The lower priest of Falaris stared in shock as Wagnard forced the lightning under his control, using it as a catapult to hurl himself into the air, into a hunt for two elves within the living force of thunder itself.
He prayed that power would not fall.
--------
In the central mountains of northwestern Valis, Leylia and Slayn continued their own journey. At least when they weren't drowning and strangling the forestlife around them under their syrupy, innocent sexual tension.
Simple little things like Slayn offering the priestess his hand was enough to make the two of them blush.
Granted, this is fairly reasonable if you consider the circumstances. Leylia was a devestatingly attractive woman. Plus, she had that odd kind of wounded air that not only aroused the...'other' instincts, it brought protective impulses to the fore as well. As for Leylia, she was still crushing herself under the guilt of what Karla had done through her. Any kind of support she could garner was something that she was a bit more than eager for.
Slayn smiled as she helped her along the path. "If circumstances were different, I would have liked to speak the truth..."

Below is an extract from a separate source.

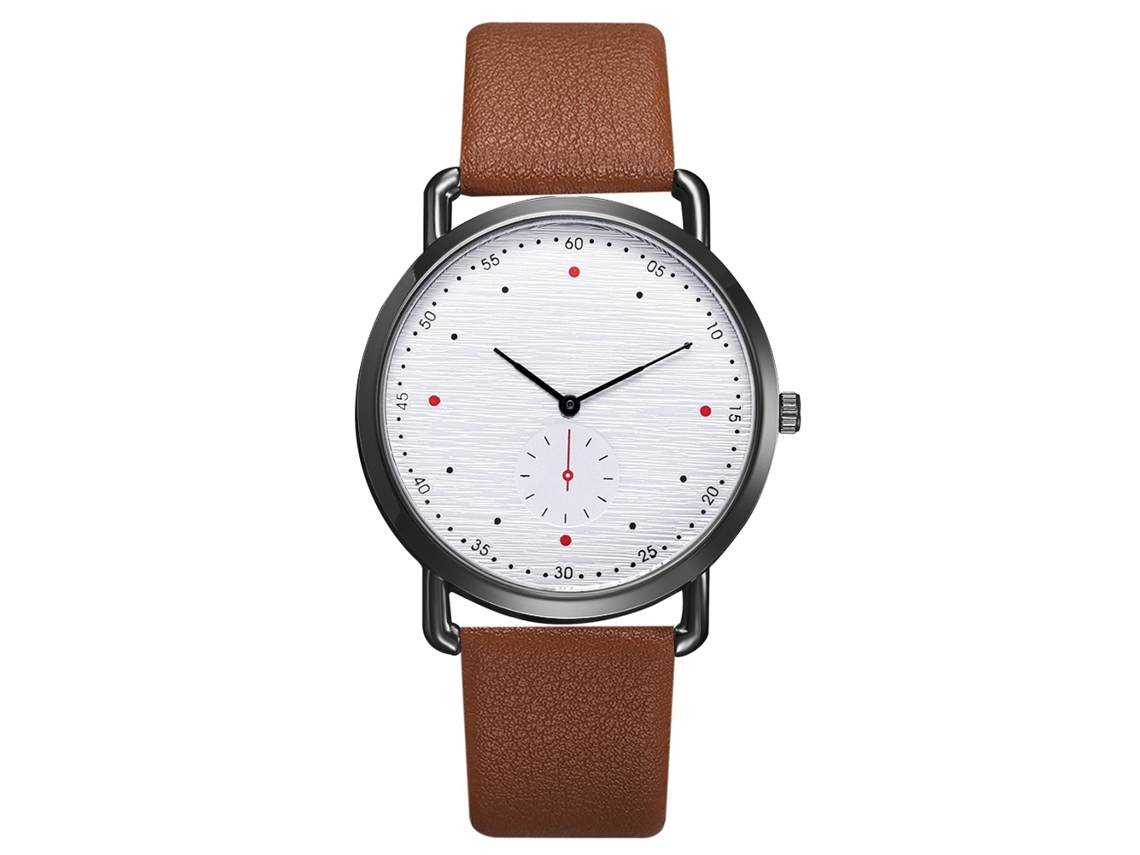 Relógio de Pulso Masculino de Quartzo Casual de Negócios com Pulseira Pu Marrom+preto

His next words were hidden under the rumble of a surge of lightning. That wouldn't have been too worrisome, but for three things. One, it was a clear, almost cloudless day; no cumulonimbus clouds to generate thunder. Second, lightning is usually incandescent white, its path causing pale blue and violet luminesence. It's not bright crimson. Finally, lightning normally doesn't travel parallel to the ground.
Leylia stared in confusion at the blast. "What's happening?"
Slayn on the other hand, was shaking in absolute horror at the thought of that much energy ANYWHERE. "It...it...it can't...be..."
--------
Pirotess favored Trent with a tired look. "So we're actually going to go to Moss anyway?"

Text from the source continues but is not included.